Segment Start: STORED DATA

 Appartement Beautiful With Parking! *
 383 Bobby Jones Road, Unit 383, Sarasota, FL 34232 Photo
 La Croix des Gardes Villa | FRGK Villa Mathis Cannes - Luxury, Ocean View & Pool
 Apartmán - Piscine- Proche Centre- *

Segment End: STORED DATA

WHAT IS BEING ASKED:
Your answer must be the full listing above, printed exactly as it stands.

RESPONSE BOX:
 Appartement Beautiful With Parking! *
 383 Bobby Jones Road, Unit 383, Sarasota, FL 34232 Photo
 La Croix des Gardes Villa | FRGK Villa Mathis Cannes - Luxury, Ocean View & Pool
 Apartmán - Piscine- Proche Centre- *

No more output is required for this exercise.